Bug #3937
After disk snapshot with suspend / resume vlan does not get (re-)tagged on openvswitch
Status: | Closed | Start date: | 08/14/2015 | |
---|---|---|---|---|
Priority: | Normal | Due date: | ||
Assignee: | - | % Done: | 0% | |
Category: | Drivers - VM | |||
Target version: | Release 4.14 | |||
Resolution: | fixed | Pull request: | ||
Affected Versions: | OpenNebula 4.12 |
Description
The the vlan does not get (re-)tagged after the
VM gets resumed again (after a snapshot create action for a VM (with a RAW
image):
ovs-vsctls show:
Port "vnet1"
Interface "vnet1"
While it was
Port "vnet1"
tag: 228
Interface "vnet1"
before the "DISK_SNAPSHOT" / suspend action
Associated revisions
Bug #3937: After disk snapshot with suspend / resume vlan does not get
(re-)tagged on openvswitch
Bug #3937: Apply network drivers after disk-snapshot-revert
History
#1 Updated by Javi Fontan almost 6 years ago
- Category set to Drivers - VM
- Target version set to Release 4.14
#2 Updated by Jaime Melis almost 6 years ago
- Status changed from Pending to Closed
- Resolution set to fixed
- Affected Versions OpenNebula 4.12 added
#3 Updated by Stefan Kooman almost 6 years ago
I replaced /var/lib/one/remotes/vmm/one_vmm_exec.rb with this new version and did a "onehost sync --force" afterwards.
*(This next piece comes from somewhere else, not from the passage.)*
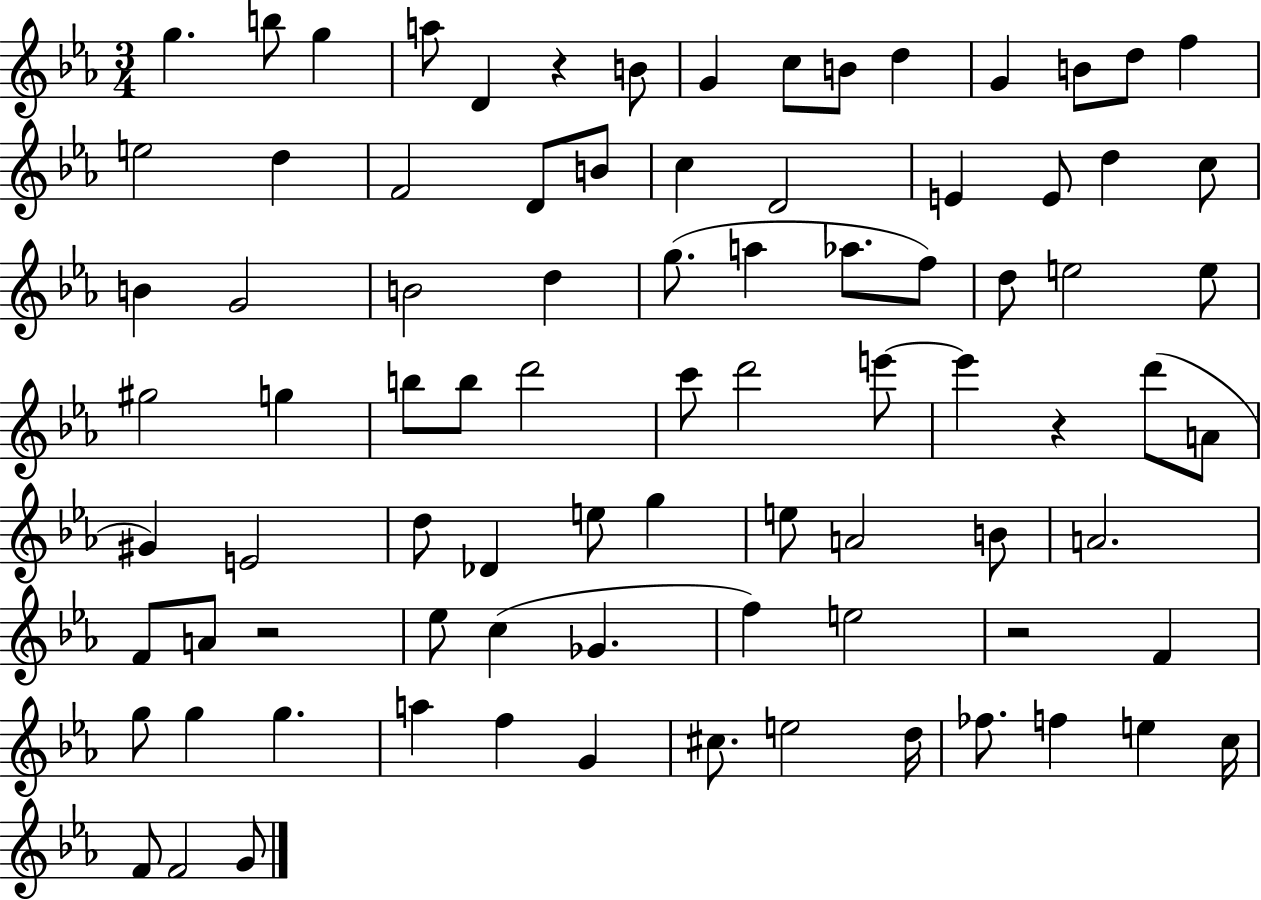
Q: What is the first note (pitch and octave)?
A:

Tag does not get re-applied. Besides that, it looks like the VM does not get a "poweroff --hard" before the revert ... leading to OS crash. Is this the right way to test this fix?
#4 Updated by Stefan Kooman almost 6 years ago
I just checked out master and recompiled / reinstalled (/usr/lib/one/mads/one_vmm_exec.rb is also the new version). The VM is shut down but seems to be resumed as there is no normal boot sequence when the VM is running again (bios -> boot). After a reboot the VM ends in a strack trace with ext4 inode errors ...
#5 Updated by Jaime Melis almost 6 years ago
- Status changed from Closed to Assigned
I have updated added a part that was missing, in order to re-apply also on revert, not only on create. It should not be necessary to run onehost sync or to reinstall, just replace the one_vmm_exec.rb and restart opennebula.
I don't understand exactly what you are doing. My workflow is as follows:
- VM is running
- onevm disk-snapshot-create <vmid> <diskid> <snapshot name>
- I observe how the VM disappears from libvirt for a second as it's being suspended, and then reappears and the vnm drivers are reapplied (testing with ovswitch)
- onevm disk-snapshot-revert ...
- I observe the same thing as with disk-snapshot-create
Note that there is no poweroff --hard involved here, I'm doing this while the VM is running, and after the operation the VM is running again. OpenNebula does the suspend behind the scenes, I only need to instruct it to do disk-snapshot-create.
Can you clarify what you mean with your previous comments? Maybe posting your workflow will help.
#6 Updated by Stefan Kooman almost 6 years ago
Note that there is no poweroff --hard involved here, I'm doing this while the VM is running, and after the operation the VM is running again. OpenNebula does the suspend behind the scenes, I only need to instruct it to do disk-snapshot-create.
I think that's the problem: if you replace the root disk of a VM (rootfs) with a previous snapshot and resume the VM again, you will end up with a corrupted filesystem. The system expects files / inodes / fscache at certain places ... and all of the sudden it's gone or somewhere else. I believe the correct way to do a "snapshot_revert_while_running" is to do a "poweroff --hard" -> onevm disk-snapshot-revert -> poweron.
#7 Updated by Stefan Kooman almost 6 years ago
TL;DR The vlan tags get applied nicely, so the bug is fixed.
I assumed a "poweroff --hard" would have been given ... to avoid fs corruption to the running fs. But apparently it's not how it's designed. Maybe a warning should be added that a revert for mounted filesystems is very dangerous and will lead to dataloss.
#8 Updated by Jaime Melis almost 6 years ago
- Status changed from Assigned to Closed